**TASK**:
Your answer should be one number: how many lines of the records hold the string "around".

**TASK INPUT**:
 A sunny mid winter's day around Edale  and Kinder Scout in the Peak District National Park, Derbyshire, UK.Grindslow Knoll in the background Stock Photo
...
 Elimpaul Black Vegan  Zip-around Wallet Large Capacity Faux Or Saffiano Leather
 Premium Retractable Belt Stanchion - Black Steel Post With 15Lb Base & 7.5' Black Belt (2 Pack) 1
--
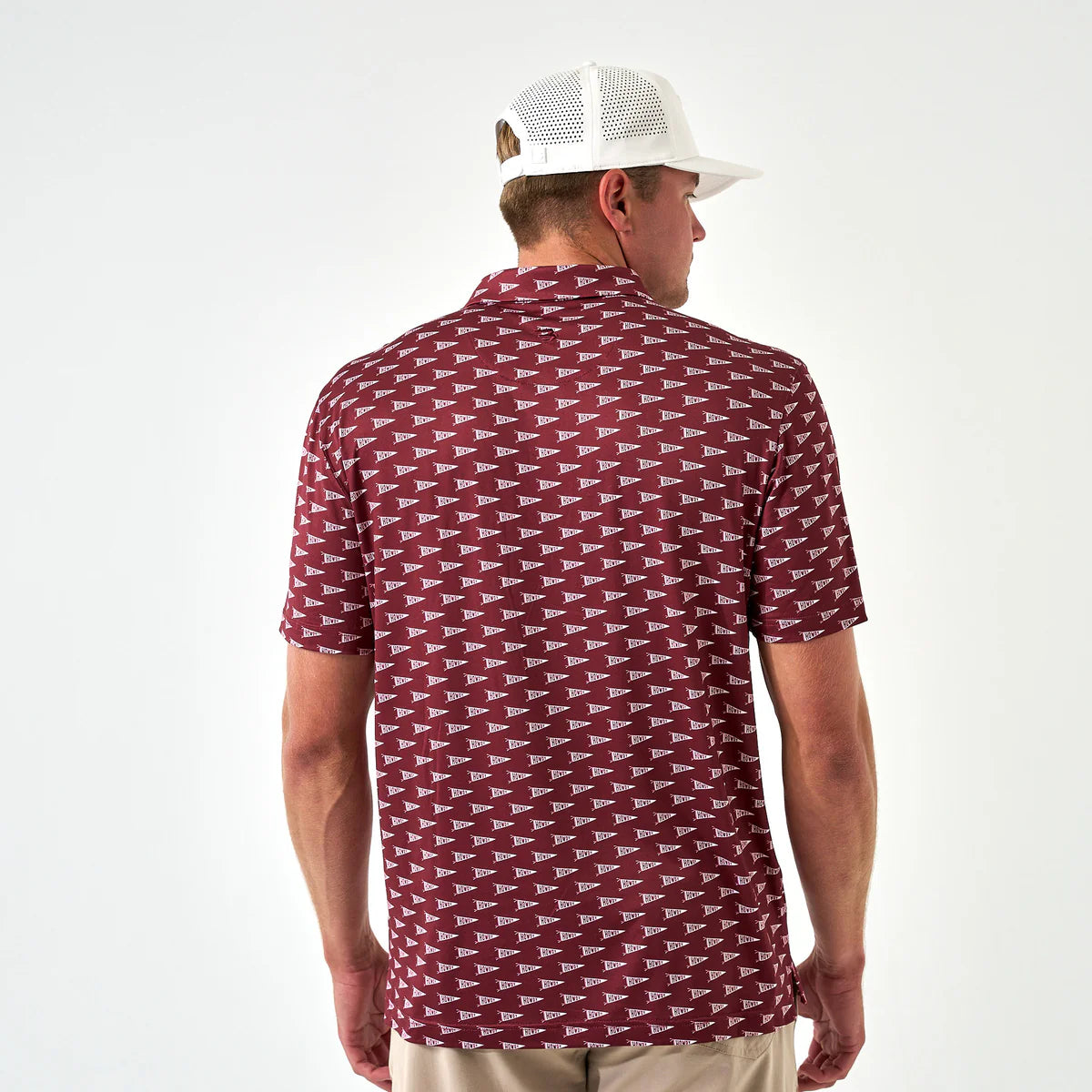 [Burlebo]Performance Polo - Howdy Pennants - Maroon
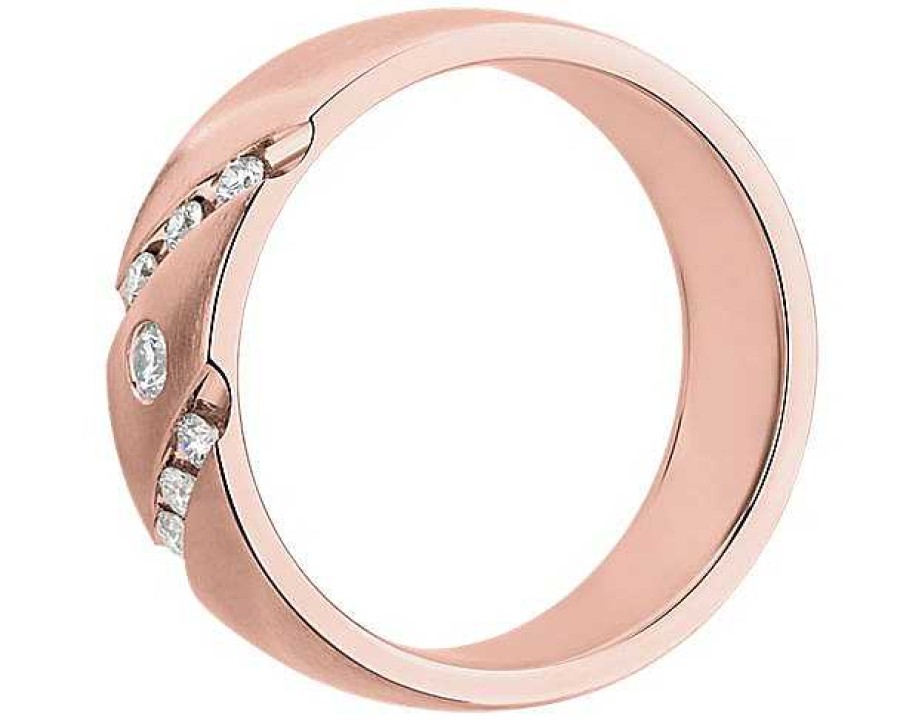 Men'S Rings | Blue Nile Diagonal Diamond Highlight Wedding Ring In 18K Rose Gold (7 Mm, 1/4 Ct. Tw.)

**FINISHED TASK**:
2